Big-Endian Testing with QEMU

Posted by jandeboevrie 3 days ago

Big-Endian Testing with QEMU(www.hanshq.net)

115 points | 128 commentspage 2

drob518 3 days ago|

This whole endianness issue can be traced to western civilization adopting Arabic numbers. Western languages are written left to right, but Arabic is right to left. Thus, Arabic numbers appear as big-endian when viewed in western languages. Consequently, big-endian appears to be "normal" for us in the modern age. But in Arabic, numbers appear little-endian because everything is right to left. Roman numbers are big-endian, though. Maybe that's why we kept the Arabic ordering even when adopting the system? We could have flipped Arabic numbers around and written them as little-endian, but we didn't.

zajio1am 3 days ago||

'Arabic' numbers comes originally from India, from Brahmi numerals. And Brahmi script was left to right. So big-endian was 'normal' even originally, it was Arabs who kept left-to-right numbers within right-to-left script (and therefore use little-endian relative to direction of Arabic script).

zephen 3 days ago|||

> it was Arabs who kept left-to-right numbers within right-to-left script

Do they do this? I thought they swapped this as well.

Narishma 3 days ago||

There are actually two ways to read numbers in Arabic.

The most common is to start from the most significant digit and read left-to-right until the last two digits, which you then read right-to-left.

A less common alternative is to read right-to-left starting from the least significant digit.

zephen 2 days ago||

Interesting!
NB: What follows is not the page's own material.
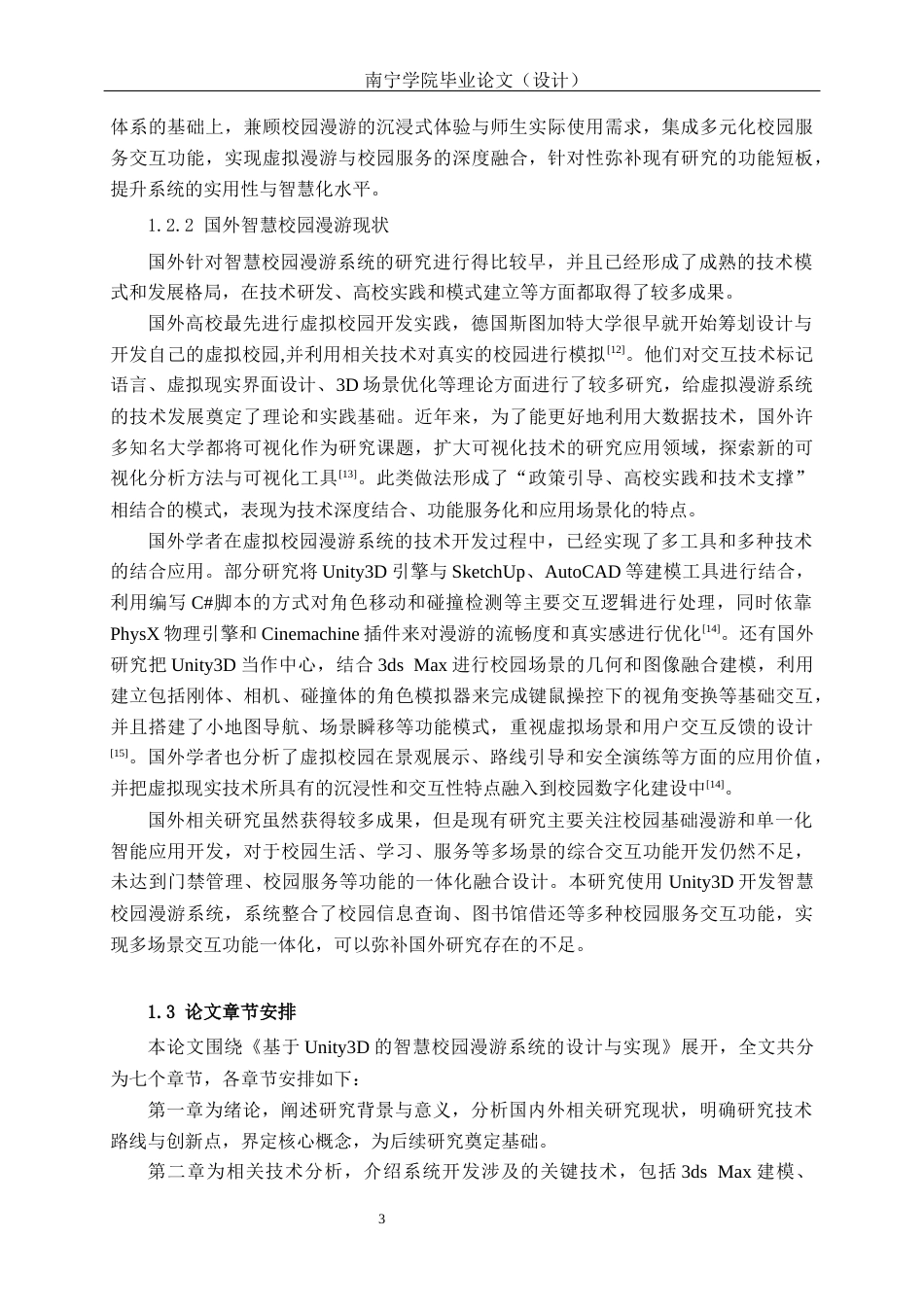 26年CH数字媒体技术 基于 Unity3D 的智慧校园漫游系统的设计与实现-终稿全日制(23579字).docx_第7页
How do you know which alternative is being used?

Narishma 2 days ago||

To give an example, you could read 1234 as either 'one thousand and two hundred and four and thirty' or 'four and thirty and two hundred and one thousand'.

Now that I think about it though, I've only seen the latter way used for the year in a date.

pezezin 3 days ago||

How do you read a number like 1234? "One thousand two hundreds thirty four", big endian.

Most (all?) Western languages say out their numbers in big endian, as do East Asian languages like Chinese, Japanese and Korean. It is only natural that we write down our numbers in big endian, it can be argued that the mistake was making little endian CPUs.

userbinator 3 days ago|||

Little endian: byte N has value 256^N, bit n has value 2^n.

Big endian: byte N has value 256^(L-N), bit n has value 2^n or 2^(l-n) depending on the architecture (some effectively have little bit-endian but big byte-endian) and where L and l are the byte and bit size of the whole integer respectively.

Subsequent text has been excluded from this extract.